THE TASK: The lines from the top of the listing through the one containing "Mens Washington Redskins" are to be retyped exactly, with no other lines.

DATA PROVIDED:
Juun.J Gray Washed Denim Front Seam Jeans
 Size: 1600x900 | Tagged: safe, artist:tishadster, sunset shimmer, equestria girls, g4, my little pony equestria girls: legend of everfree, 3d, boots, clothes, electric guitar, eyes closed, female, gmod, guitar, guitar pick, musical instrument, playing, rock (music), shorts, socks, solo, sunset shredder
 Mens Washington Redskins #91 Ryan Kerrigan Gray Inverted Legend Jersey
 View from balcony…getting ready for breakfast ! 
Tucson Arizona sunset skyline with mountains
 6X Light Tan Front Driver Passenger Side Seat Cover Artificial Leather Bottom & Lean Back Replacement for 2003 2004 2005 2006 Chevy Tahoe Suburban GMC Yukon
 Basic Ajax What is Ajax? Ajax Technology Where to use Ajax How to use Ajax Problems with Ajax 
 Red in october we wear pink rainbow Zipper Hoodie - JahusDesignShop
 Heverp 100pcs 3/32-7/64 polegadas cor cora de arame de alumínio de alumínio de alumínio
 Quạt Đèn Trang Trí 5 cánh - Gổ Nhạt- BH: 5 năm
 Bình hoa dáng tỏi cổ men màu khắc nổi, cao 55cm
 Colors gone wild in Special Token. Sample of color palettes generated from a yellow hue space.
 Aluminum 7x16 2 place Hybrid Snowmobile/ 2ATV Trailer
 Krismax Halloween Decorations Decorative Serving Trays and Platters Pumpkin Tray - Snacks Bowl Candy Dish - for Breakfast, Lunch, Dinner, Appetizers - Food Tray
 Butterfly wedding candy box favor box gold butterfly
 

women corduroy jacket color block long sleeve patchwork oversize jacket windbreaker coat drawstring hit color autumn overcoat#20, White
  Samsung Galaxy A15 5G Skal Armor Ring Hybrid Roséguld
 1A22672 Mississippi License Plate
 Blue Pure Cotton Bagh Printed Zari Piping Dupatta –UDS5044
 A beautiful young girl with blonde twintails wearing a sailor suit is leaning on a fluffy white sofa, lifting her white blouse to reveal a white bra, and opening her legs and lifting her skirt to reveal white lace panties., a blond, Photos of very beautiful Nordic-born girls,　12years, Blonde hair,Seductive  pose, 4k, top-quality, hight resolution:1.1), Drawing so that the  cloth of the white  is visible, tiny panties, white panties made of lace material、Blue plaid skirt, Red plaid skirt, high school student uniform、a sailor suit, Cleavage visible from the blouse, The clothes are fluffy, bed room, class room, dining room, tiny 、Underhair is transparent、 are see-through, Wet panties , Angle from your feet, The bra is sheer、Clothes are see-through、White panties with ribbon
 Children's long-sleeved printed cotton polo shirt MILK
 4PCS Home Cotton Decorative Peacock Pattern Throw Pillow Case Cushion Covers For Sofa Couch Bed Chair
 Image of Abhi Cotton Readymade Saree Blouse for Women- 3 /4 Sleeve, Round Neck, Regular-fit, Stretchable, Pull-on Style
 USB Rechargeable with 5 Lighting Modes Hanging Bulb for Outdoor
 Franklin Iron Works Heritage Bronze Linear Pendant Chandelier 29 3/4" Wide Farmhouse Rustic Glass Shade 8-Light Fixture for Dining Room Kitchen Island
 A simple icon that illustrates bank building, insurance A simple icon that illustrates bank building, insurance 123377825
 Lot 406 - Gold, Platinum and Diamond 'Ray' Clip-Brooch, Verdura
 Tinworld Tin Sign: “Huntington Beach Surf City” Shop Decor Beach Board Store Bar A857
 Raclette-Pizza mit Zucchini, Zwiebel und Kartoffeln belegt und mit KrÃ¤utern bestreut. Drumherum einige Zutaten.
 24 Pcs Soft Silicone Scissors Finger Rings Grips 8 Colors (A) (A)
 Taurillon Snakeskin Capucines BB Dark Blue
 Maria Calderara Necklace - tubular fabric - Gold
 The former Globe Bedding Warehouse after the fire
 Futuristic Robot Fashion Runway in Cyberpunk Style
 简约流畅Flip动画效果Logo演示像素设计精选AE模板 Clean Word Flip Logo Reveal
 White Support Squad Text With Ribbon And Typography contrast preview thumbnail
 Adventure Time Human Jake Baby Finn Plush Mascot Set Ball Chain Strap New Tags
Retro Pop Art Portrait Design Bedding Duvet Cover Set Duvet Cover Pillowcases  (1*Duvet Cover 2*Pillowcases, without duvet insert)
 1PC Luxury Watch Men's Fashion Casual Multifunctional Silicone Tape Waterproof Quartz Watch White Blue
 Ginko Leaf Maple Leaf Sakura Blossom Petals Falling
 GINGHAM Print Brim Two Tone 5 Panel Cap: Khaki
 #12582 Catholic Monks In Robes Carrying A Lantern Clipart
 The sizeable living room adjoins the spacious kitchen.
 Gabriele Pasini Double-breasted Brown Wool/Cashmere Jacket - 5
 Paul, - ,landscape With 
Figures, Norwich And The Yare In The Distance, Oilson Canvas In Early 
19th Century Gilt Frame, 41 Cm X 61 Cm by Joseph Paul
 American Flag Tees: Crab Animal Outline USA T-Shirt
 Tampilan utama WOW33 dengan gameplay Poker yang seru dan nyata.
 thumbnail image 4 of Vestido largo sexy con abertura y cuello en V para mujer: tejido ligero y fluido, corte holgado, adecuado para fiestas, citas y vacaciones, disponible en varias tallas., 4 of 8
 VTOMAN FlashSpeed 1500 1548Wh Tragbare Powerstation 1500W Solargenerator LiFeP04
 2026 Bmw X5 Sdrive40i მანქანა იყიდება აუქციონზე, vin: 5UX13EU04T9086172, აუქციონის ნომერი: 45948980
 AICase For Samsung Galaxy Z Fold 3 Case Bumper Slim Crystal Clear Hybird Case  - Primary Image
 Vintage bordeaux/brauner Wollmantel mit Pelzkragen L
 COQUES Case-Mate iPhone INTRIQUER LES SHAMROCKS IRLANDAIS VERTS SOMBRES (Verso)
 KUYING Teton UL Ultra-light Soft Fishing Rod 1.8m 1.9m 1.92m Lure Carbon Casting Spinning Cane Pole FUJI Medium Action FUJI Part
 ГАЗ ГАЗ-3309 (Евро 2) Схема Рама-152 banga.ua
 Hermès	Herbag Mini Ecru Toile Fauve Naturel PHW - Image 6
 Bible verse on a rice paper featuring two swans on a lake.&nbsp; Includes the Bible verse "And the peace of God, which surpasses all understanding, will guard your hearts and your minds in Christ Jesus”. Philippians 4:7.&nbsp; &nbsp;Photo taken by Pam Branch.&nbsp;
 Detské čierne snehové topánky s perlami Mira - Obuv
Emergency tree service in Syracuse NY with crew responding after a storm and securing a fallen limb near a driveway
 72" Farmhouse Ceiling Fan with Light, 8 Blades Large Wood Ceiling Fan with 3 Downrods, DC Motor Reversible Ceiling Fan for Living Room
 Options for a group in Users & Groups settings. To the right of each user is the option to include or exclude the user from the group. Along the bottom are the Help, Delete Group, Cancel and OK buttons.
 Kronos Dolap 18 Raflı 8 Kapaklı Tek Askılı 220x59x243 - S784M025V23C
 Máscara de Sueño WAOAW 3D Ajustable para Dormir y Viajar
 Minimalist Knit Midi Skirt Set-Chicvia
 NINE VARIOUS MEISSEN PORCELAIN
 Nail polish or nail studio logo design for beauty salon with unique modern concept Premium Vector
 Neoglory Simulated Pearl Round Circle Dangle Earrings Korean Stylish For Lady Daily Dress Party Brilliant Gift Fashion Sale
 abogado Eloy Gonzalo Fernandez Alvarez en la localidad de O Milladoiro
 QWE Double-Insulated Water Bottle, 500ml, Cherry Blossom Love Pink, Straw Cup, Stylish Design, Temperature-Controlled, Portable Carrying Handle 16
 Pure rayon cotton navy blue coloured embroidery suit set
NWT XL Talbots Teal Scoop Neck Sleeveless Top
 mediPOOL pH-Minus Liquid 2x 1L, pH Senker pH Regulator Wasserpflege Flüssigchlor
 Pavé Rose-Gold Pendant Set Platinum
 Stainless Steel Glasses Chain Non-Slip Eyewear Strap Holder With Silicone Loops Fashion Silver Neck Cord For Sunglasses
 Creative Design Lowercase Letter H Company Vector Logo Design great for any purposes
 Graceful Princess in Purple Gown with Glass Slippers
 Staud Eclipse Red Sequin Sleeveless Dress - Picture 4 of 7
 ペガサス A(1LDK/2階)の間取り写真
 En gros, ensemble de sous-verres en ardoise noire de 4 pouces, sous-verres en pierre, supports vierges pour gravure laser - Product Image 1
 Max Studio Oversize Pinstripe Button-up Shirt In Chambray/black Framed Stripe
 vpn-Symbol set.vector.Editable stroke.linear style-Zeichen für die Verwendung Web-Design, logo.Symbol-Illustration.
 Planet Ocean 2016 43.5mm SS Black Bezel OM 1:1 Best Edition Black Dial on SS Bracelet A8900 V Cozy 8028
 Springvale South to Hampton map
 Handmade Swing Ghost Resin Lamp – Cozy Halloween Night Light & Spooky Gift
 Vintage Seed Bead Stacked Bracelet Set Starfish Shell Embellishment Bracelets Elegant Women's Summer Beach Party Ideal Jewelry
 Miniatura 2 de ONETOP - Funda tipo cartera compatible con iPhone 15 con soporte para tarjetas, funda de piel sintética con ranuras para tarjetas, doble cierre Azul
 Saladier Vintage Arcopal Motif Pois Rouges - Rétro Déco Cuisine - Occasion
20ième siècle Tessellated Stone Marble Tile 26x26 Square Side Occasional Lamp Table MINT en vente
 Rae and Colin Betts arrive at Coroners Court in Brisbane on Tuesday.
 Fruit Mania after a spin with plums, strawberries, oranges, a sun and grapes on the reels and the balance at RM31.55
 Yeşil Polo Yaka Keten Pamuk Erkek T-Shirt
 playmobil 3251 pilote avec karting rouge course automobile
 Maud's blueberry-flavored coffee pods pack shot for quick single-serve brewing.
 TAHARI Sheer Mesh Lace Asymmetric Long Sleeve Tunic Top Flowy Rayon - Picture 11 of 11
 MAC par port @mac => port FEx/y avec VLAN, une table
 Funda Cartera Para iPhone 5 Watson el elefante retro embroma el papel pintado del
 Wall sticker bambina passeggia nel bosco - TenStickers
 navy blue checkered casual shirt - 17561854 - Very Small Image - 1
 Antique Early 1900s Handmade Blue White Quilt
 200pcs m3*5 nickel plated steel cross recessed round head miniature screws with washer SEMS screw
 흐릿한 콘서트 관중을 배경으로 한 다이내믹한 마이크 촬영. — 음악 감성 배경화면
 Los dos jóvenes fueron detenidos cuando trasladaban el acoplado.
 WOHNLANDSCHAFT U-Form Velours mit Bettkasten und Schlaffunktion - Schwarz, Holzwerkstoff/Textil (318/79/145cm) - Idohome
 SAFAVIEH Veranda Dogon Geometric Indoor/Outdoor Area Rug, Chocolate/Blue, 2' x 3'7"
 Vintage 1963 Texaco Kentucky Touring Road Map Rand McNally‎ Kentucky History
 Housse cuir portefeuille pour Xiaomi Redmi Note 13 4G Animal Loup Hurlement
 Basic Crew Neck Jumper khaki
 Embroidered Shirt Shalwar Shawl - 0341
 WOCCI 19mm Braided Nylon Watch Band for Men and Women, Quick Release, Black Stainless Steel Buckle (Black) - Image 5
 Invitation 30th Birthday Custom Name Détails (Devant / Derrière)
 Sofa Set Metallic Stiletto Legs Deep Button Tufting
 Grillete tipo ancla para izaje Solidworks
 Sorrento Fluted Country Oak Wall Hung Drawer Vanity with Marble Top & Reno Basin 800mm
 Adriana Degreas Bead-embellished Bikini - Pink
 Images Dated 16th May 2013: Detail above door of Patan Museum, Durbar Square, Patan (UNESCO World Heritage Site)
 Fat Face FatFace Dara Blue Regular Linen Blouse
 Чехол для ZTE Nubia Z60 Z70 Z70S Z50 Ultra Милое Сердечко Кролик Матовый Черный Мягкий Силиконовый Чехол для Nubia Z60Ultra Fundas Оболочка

RESULT:
Juun.J Gray Washed Denim Front Seam Jeans
 Size: 1600x900 | Tagged: safe, artist:tishadster, sunset shimmer, equestria girls, g4, my little pony equestria girls: legend of everfree, 3d, boots, clothes, electric guitar, eyes closed, female, gmod, guitar, guitar pick, musical instrument, playing, rock (music), shorts, socks, solo, sunset shredder
 Mens Washington Redskins #91 Ryan Kerrigan Gray Inverted Legend Jersey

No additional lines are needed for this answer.